The beloved disciple John begins his first epistle in much the same vein as he began his gospel, by establishing everything that will follow upon the primacy of the person of Christ.  It is evident, from the style of all his writings, that John had no higher intention than that his readers understand that the man Jesus Christ is also God, and must be accepted and worshipped as such.  John was fully persuaded that there was no salvation for any soul outside of this unique, glorious person, Who had all the attributes of humanity, while at the same time being “God over all, blessed forever.”  If we would have fellowship around the doctrine of the apostles, which ultimately is fellowship with God Himself, then we must receive and worship this Christ that John proclaimed.  There is no other Christ that is a Saviour.  False teachers have posited many Jesuses throughout the ages.  Paul warned against those who would come preaching “another Jesus, Whom we have not preached.”  Any church, any preacher, any individual, who would present a Jesus who is something less than fully divine and fully human, in one unique person, teaches a Jesus that never existed, and a Jesus that cannot save.  If we hunger for eternal life, then we must be certain that we embrace the Christ of Whom the apostles wrote.  This was an uppermost concern in the mind of John, for already deceivers abounded, who confessed not that Jesus Christ was come in the flesh.  This viper’s brood of deceivers and antichrists has not died out, but proliferates even now, and doubtless will until our sovereign Lord returns to destroy all His enemies.
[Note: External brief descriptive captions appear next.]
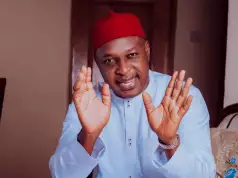 PDP Woos Enugu LP Governorship Candidate PDP Woos Enugu LP Governorship Candidate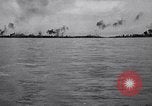 Immagine di Il bombardamento Peleliu Isole Palau, 1944, secondo 62 filmato di repertorio 65675034750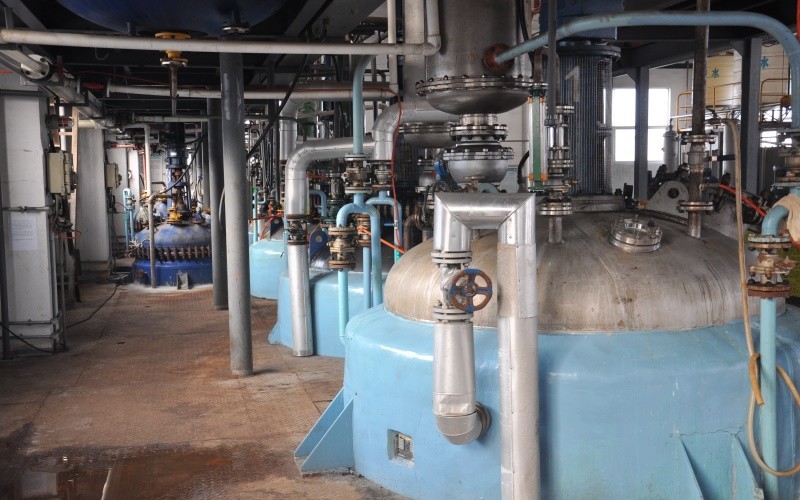 Cationic Polymers Water Decoloring Agent Wastewater Treatment For Oilfield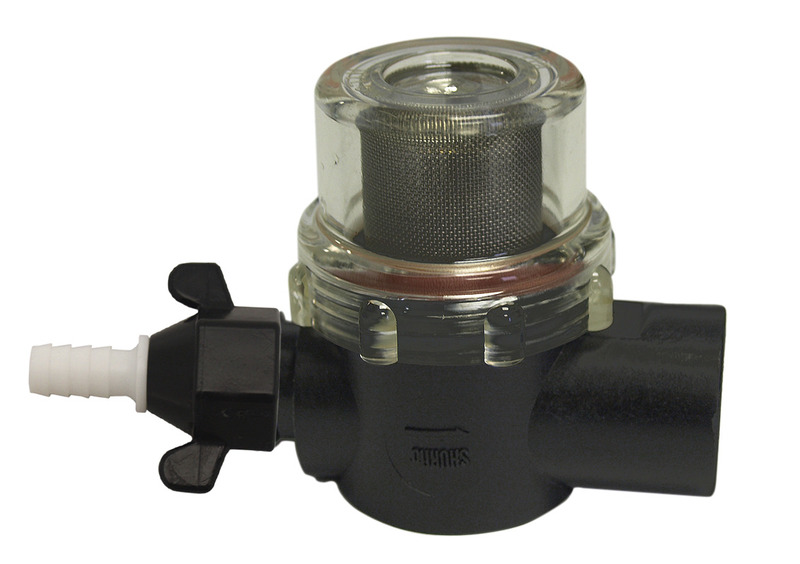 Water filter for Spinon filter Water Disinfection Motorhome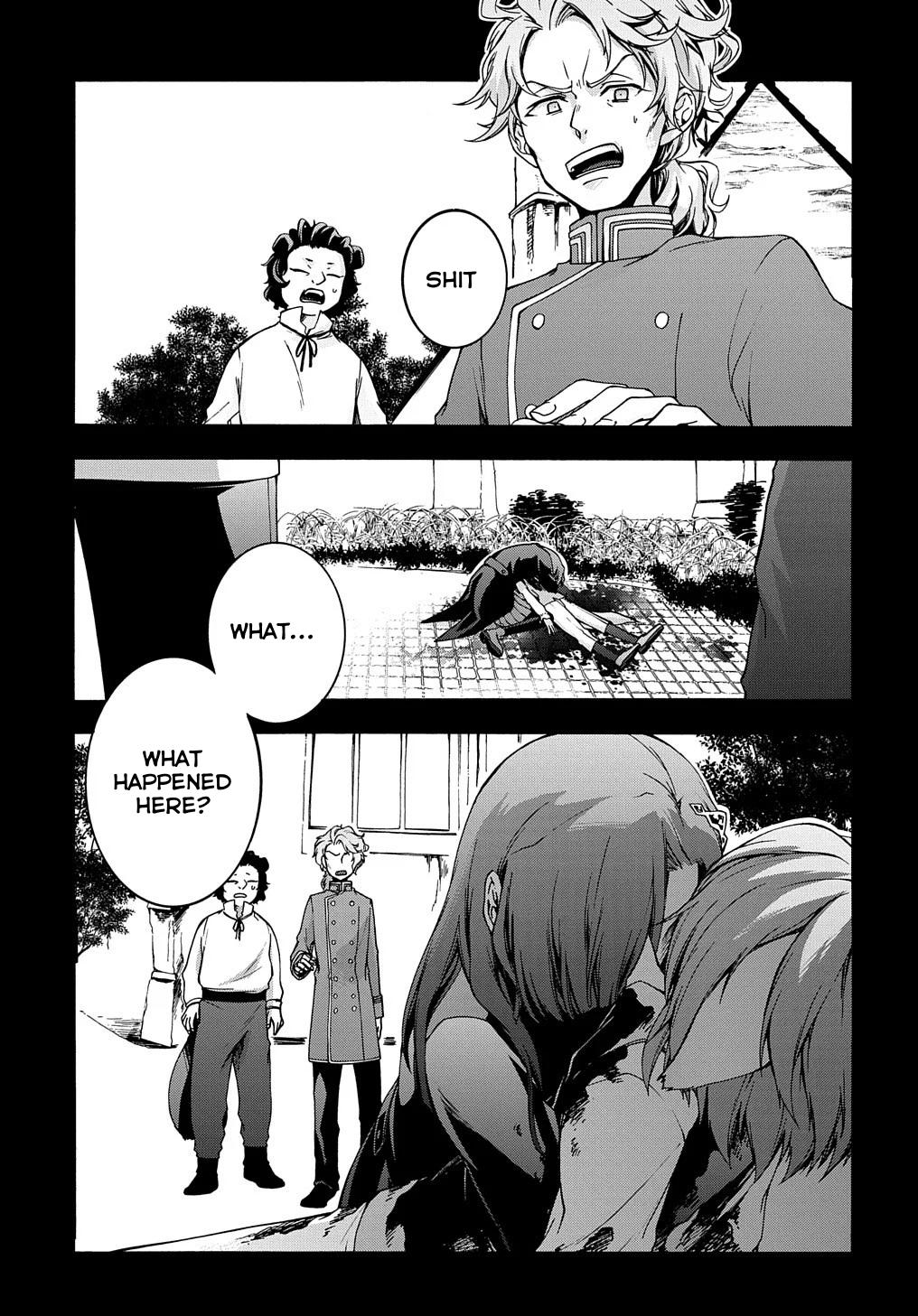 Garbage Brave: Isekai ni Shoukan Sare Suterareta Yuusha no Fukushuu Monogatari Chapter 7 10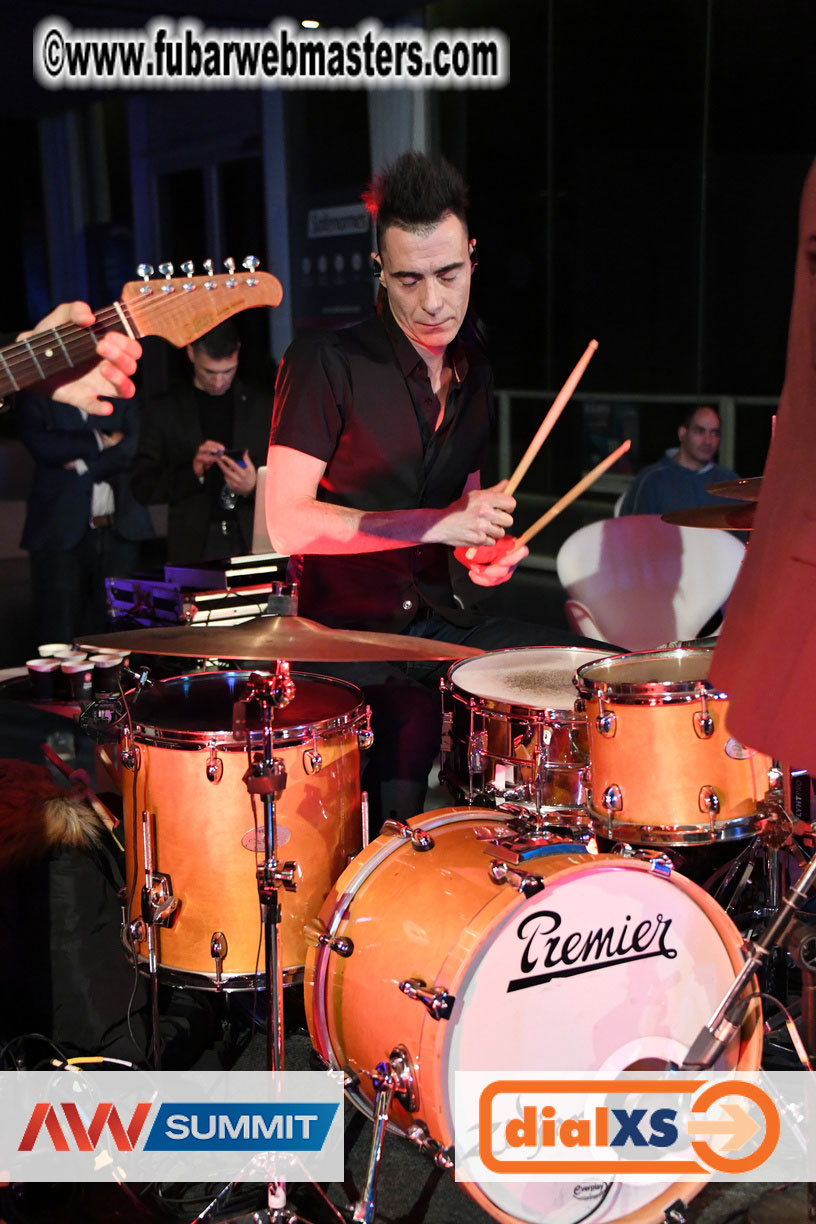 Closing Party and Jam Session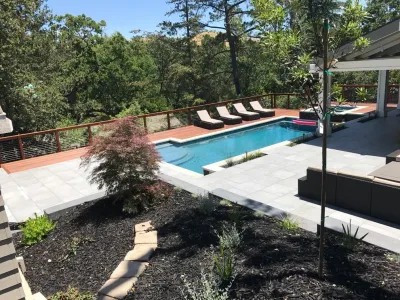 DPG Pavers and Design - Garden Remodeling in Brentwood, CA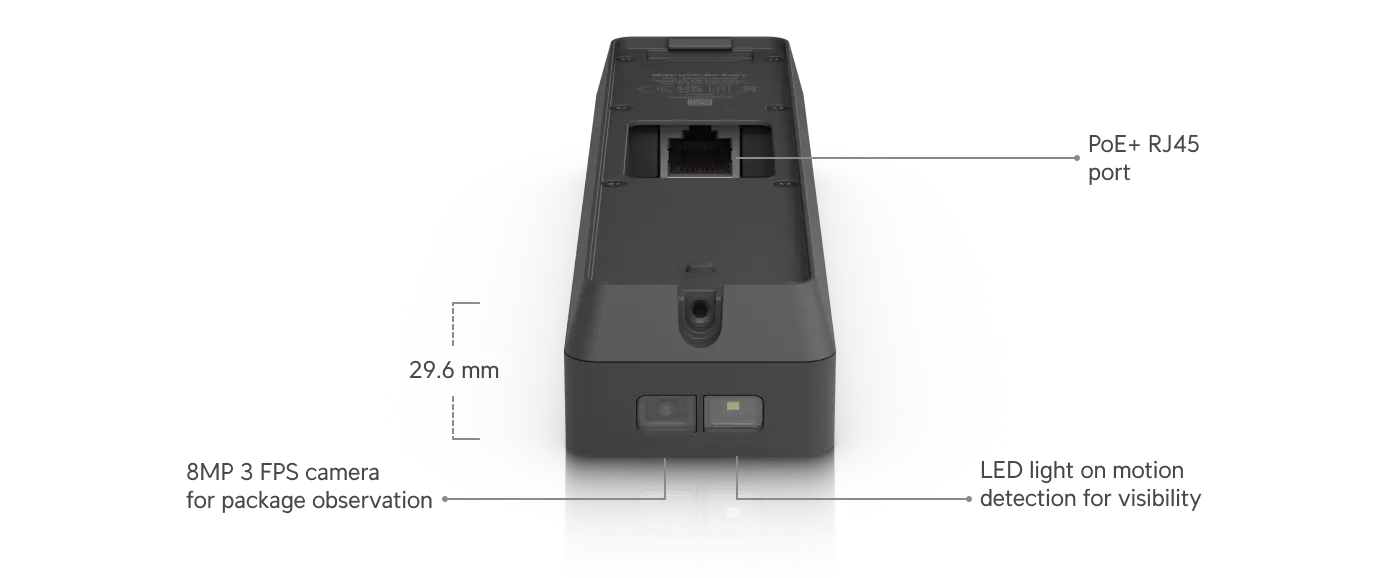 ubiquiti UVC-G6-Entry view 4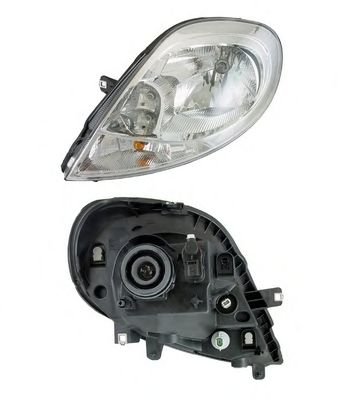 Headlight 245216AV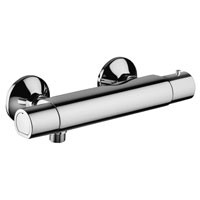 PAFFONI DOUCHETHERMOSTAAT EQUO STAR CHR. 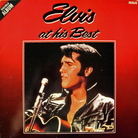 Cover of Elvis at his Best.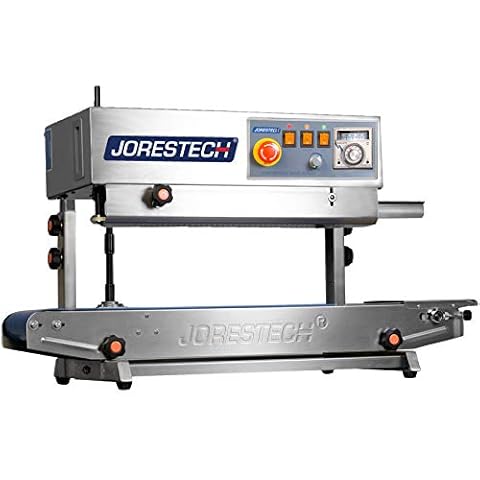 JORESTECH Continuous Band Sealer CBS-730I (Stainless Steel) 110 Volts Cover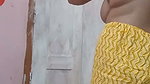 Aunty show her nipple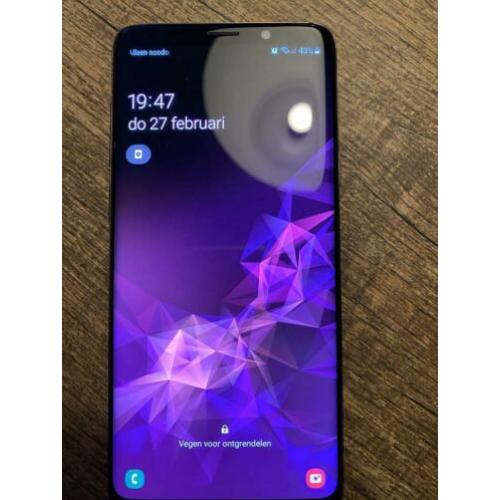 Samsung Galaxy S9 plus 64GB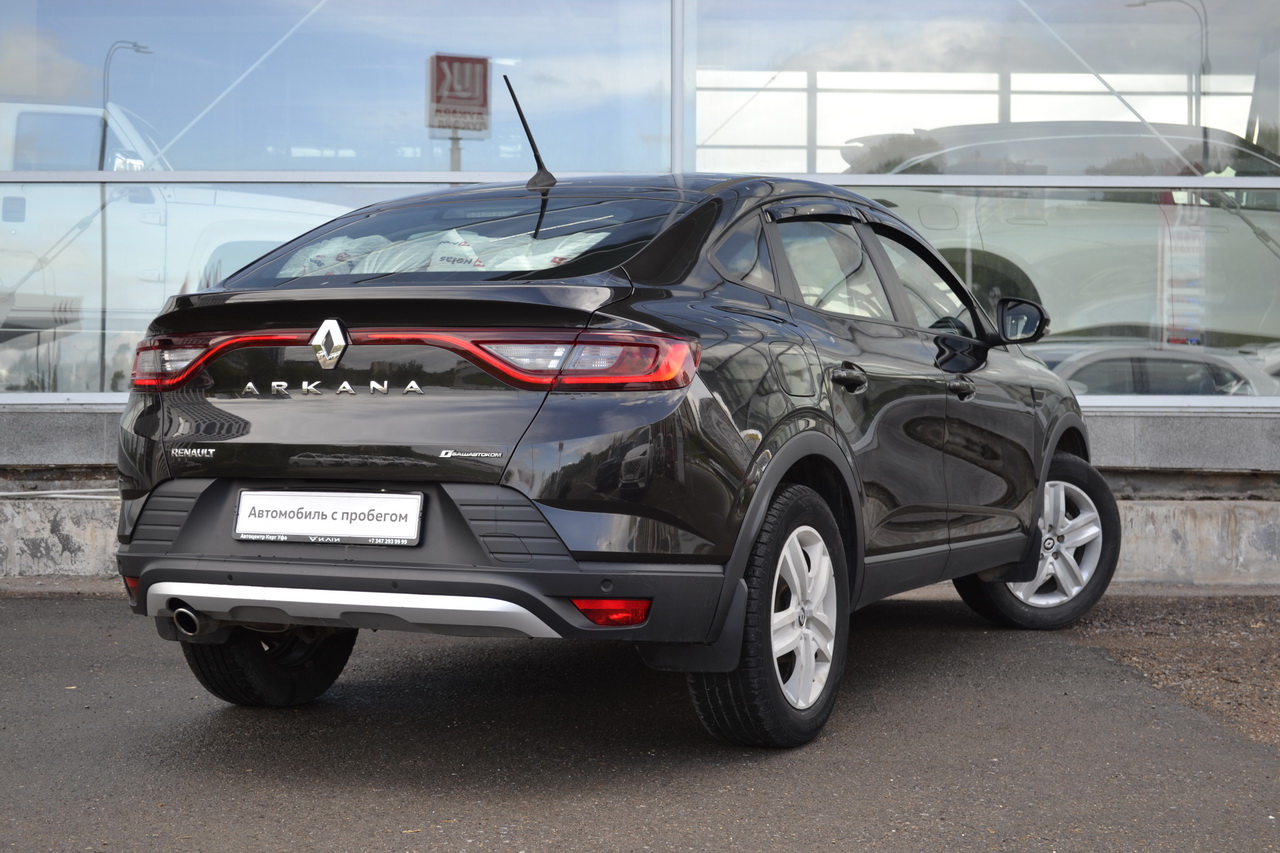 Renault Arkana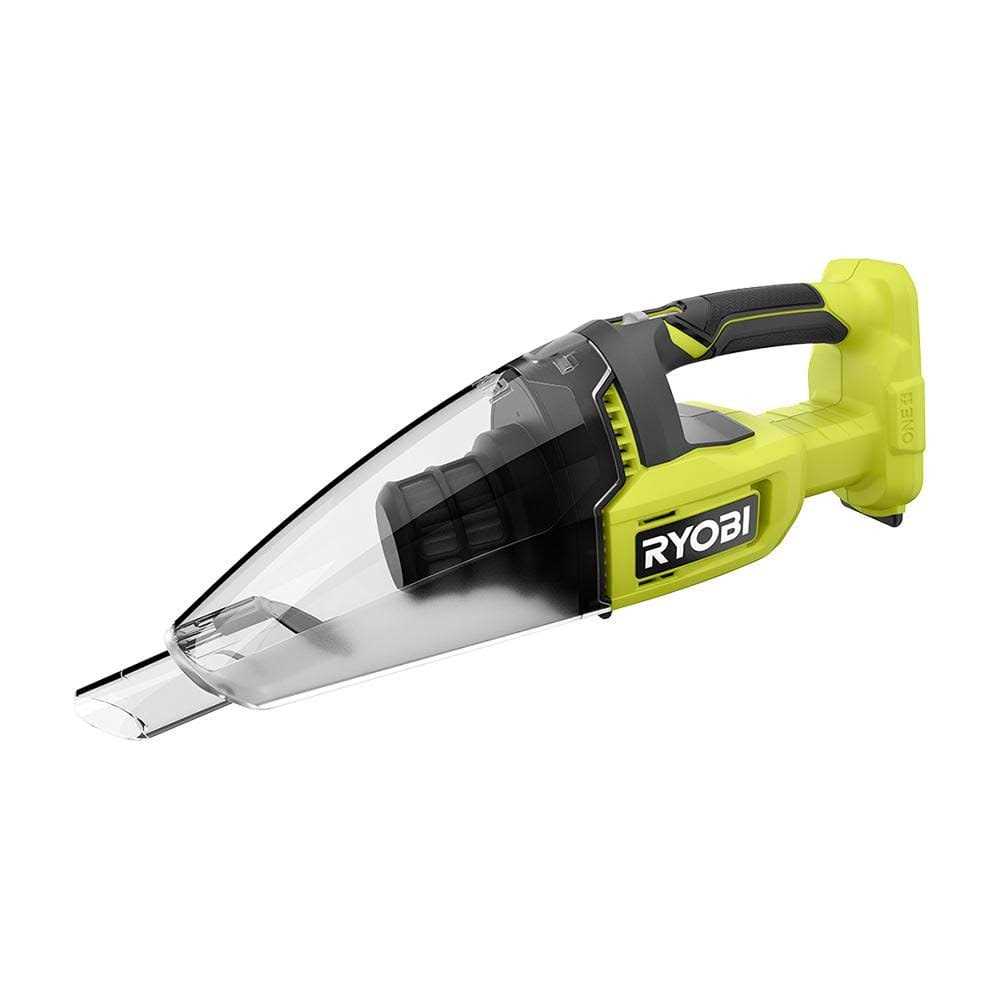 Ryobi ONE+ 18V Cordless Multi-Surface Handheld Vacuum PCL705B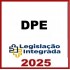 Plano-BASE: Defensoria Pública Estadual DPE Legislação Integrada 2025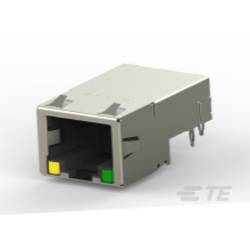 TE Connectivity TE AMP High Performance Mod Jacks High Performance Mod Jacks 1888250-4 1 St.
The very first words of this epistle refer to the Lord Christ, without actually calling Him by name.  But the text makes very clear that “that which was from the beginning” is the Saviour to Whom John would direct the faith of his readers.  John, who was doubtless an ancient man by this time, very likely the final surviving apostle, would point the believers of every age to the personal knowledge that He and His fellow disciples had of Christ.  He speaks of Jesus, and then says, “Which we have heard.”  The we here could legitimately be understood in a variety of ways.  It could possibly be taken as a royal we, the plural being put for the singular, as sovereigns sometimes do in their royal decrees.  More likely than this, it could be pointing to John and his companions in the faith, some of whom may possibly have been witnesses of Christ in the days of His flesh.  The most likely supposition to my mind, and that upon which I will operate in my interpretation of this epistle, is that we points to John and his fellow apostles.  It appears that John is placing great emphasis on the doctrine of the apostles, who were specially commissioned by Christ to preach the Gospel, and some of them to author or at least oversee the writing of the books of the New Testament.  Ultimately, John would have his readers to know that whatever doctrine they might hear which did not measure up to the standard of apostolic teaching, must immediately be discarded.